Let's define the behavior of this operator. First of all, Adam requires
some parameters:
- The learning-rate "R".
- The update count "T". That is, the number of training iterations conducted.
- A L2-norm regularization coefficient "norm_coefficient".
- A small constant "epsilon" to avoid dividing-by-zero.
- Two coefficients, "alpha" and "beta".
At each Adam iteration, the optimized tensors are moved along a direction
computed based on their exponentially-averaged historical gradient and
exponentially-averaged historical squared gradient. Assume that only a tensor
"X" is being optimized. The rest of required information is
- the value of "X",
- "X"'s gradient (denoted by "G"),
- "X"'s exponentially-averaged historical gradient (denoted by "V"), and
- "X"'s exponentially-averaged historical squared gradient (denoted by "H").
Some of those parameters are passed into this operator as input tensors and others
are stored as this operator's attributes. Specifically, this operator's input tensor
list is ["R", "T", "X", "G", "V", "H"]. That is, "R" is the first input, "T" is
the second input, and so on. Other parameters are given as attributes because they
are constants. Moreover, the corresponding output tensors are
- the new value of "X" (called "X_new"),
- the new exponentially-averaged historical gradient (denoted by "V_new"), and
- the new exponentially-averaged historical squared gradient (denoted by "H_new").
Those outputs are computed following the pseudo code below.
Let "+", "-", "*", and "/" are all element-wise arithmetic operations with
numpy-style broadcasting support. The pseudo code to compute those outputs is:
// Add gradient of 0.5 * norm_coefficient * ||X||_2^2, where ||X||_2 is the 2-norm.
G_regularized = norm_coefficient * X + G
// Update exponentially-averaged historical gradient.
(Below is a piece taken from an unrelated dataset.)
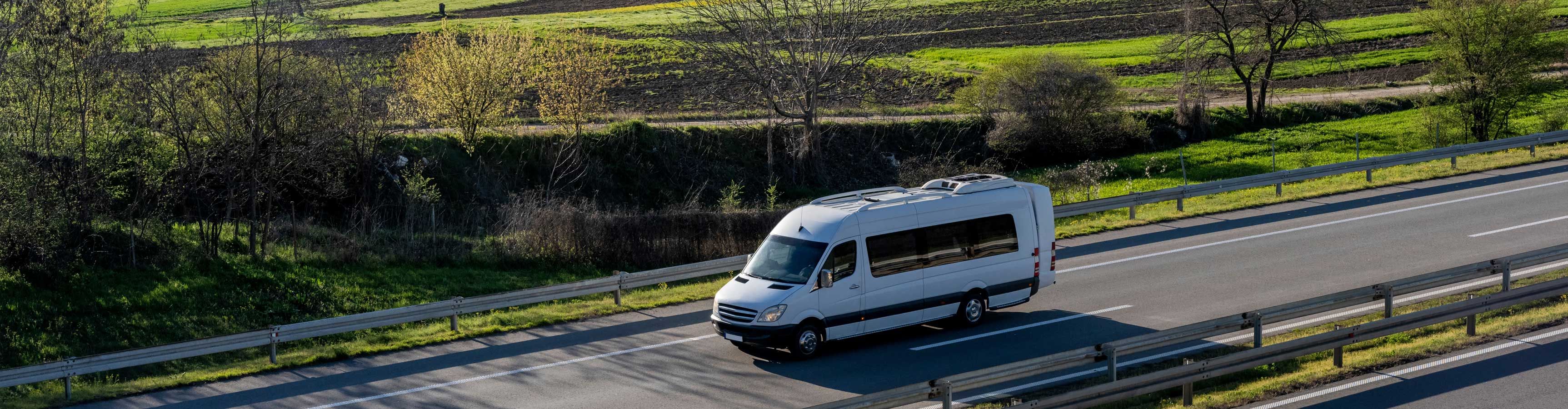 A white commuter van travels down a country road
V_new = alpha * V + (1 - alpha) * G_regularized
// Update exponentially-averaged historical squared gradient.
H_new = beta * H + (1 - beta) * G_regularized * G_regularized
// Compute the element-wise square-root of H_new. V_new will be element-wisely
// divided by H_sqrt for a better update direction.
H_sqrt = Sqrt(H_new) + epsilon
// Compute learning-rate. Note that "alpha**T"/"beta**T" is alpha's/beta's T-th power.
R_adjusted = T > 0 ? R * Sqrt(1 - beta**T) / (1 - alpha**T) : R
// Compute new value of "X".
X_new = X - R_adjusted * V_new / H_sqrt
// Post-update regularization.
X_final = (1 - norm_coefficient_post) * X_new
If there are multiple inputs to be optimized, the pseudo code will be applied
independently to each of them.
**Attributes**
* **alpha**:
Coefficient of previously accumulated gradient in running average.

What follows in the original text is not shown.